I walked out of my room, into the living room. Steven was sitting on the couch, watching a movie.

I managed a smile, and sat down next to him.

"Where are the rest of the guys?" I asked him.

"They went out to eat before the concert." He responded with a smile.

"I see, what is this movie?" I gestured toward the TV.

"The Vow.." Steven said, embarrassment creeping on his face.

I laughed. "Why are you embarrassed?"

"Because it's a chick flick.."

I chuckled, and sat back.

I watched the remainder of the movie with Steven.

The storyline was exactly the same as our situation. Except it was the girl who couldn't remember the guy. But holy crap, who could forget Channing Tatum?

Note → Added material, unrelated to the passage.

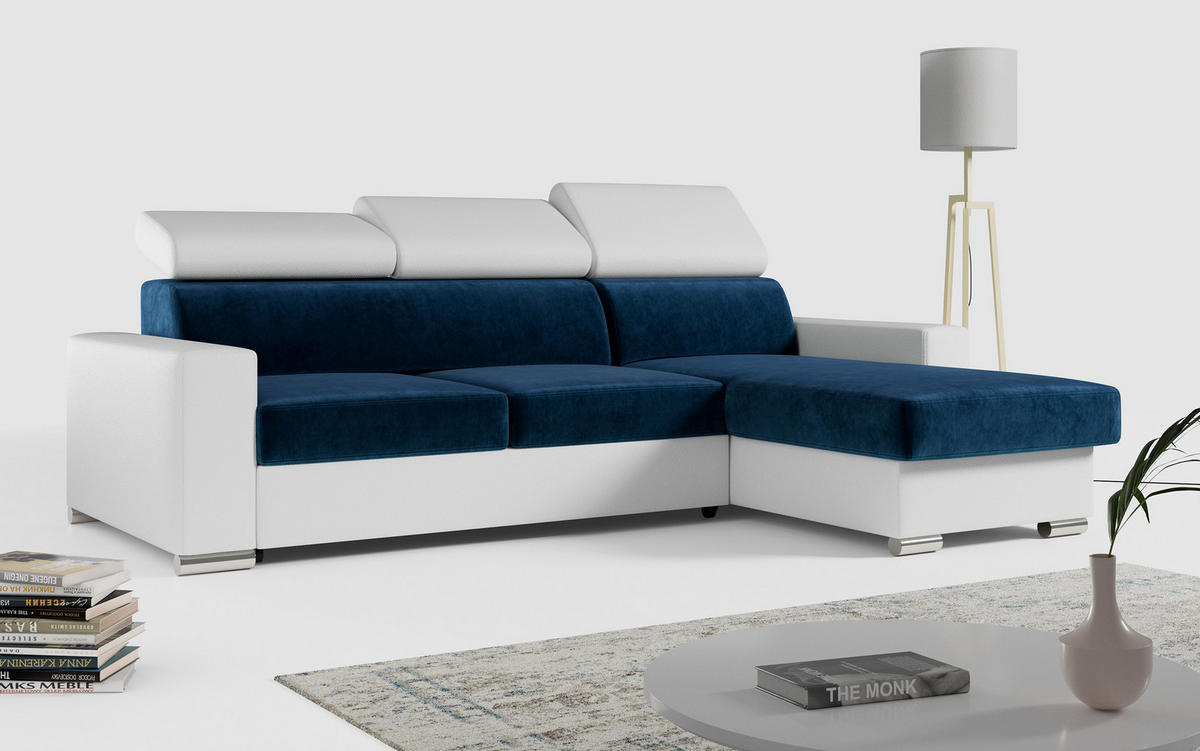 ECKSOFA FOX-L Dunkelblau/Weiß - Silberfarben/Dunkelblau, Kunststoff/Textil (242/168cm) - MKS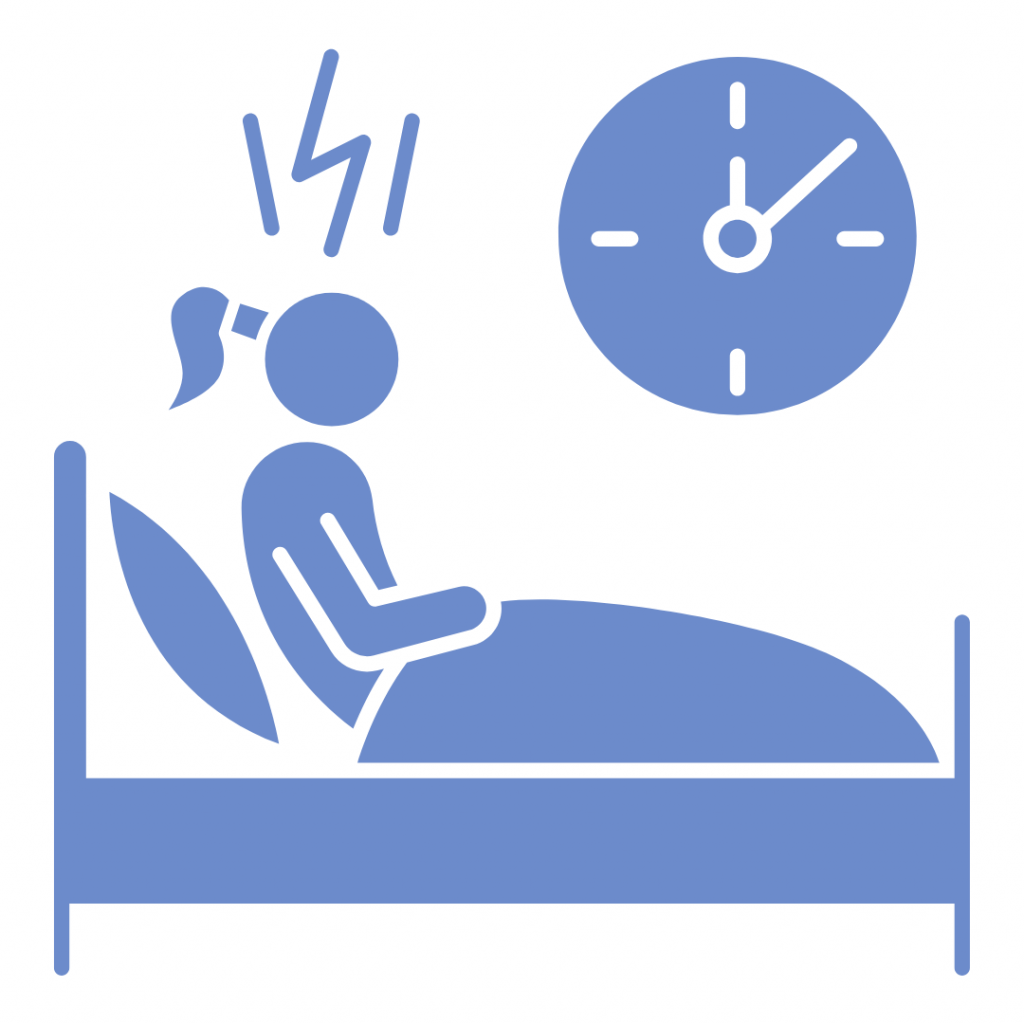 Insomnia or sleep disturbance. The image shows a person in bed with lightning bolts above their head, indicating restlessness or anxiety. A clock nearby suggests the struggle to fall asleep or stay asleep. This combination is often used to represent insomnia or other sleep disorders.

I broke out of my thoughts and saw the credits rolling.

I sighed. "I'm gonna get something to drink. Want some??"

Steven nodded and I stood up.

I started to take a step, and I don't know what happened, but I lost feeling in my ankle, and I lost my balance.

Steven caught me as I fell into his lap.

I chuckled, embarrassed.

"Sorry.." I muttered.

I looked into his eyes, as he stared at me.

"It's okay.."

I don't know what happened, but suddenly, we were kissing.

His lips felt so right on mine.

We pulled back after a minute. I tried to see if there was recognition on his face; if he remembered.

There wasn't.

I sighed. The kiss didn't do a thing.

I felt broken inside.

The last thing I thought could bring him back to me failed.

Steven looked enthralled.

"Wow.." He said.

I smiled a little. We were silent then.

I knew now. I could leave after tonight.

I felt tears forming in my eyes.

Just then the door opened.

"Hey guys!" Joe exclaimed.

I looked down at my feet.

"Hey..I'm gonna go..in my room.." I mumbled, standing up and walking away.

I didn't need to see Steven and the band's expressions. I just needed to get through the concert, and maintain the courage to leave. There was nothing holding me back now.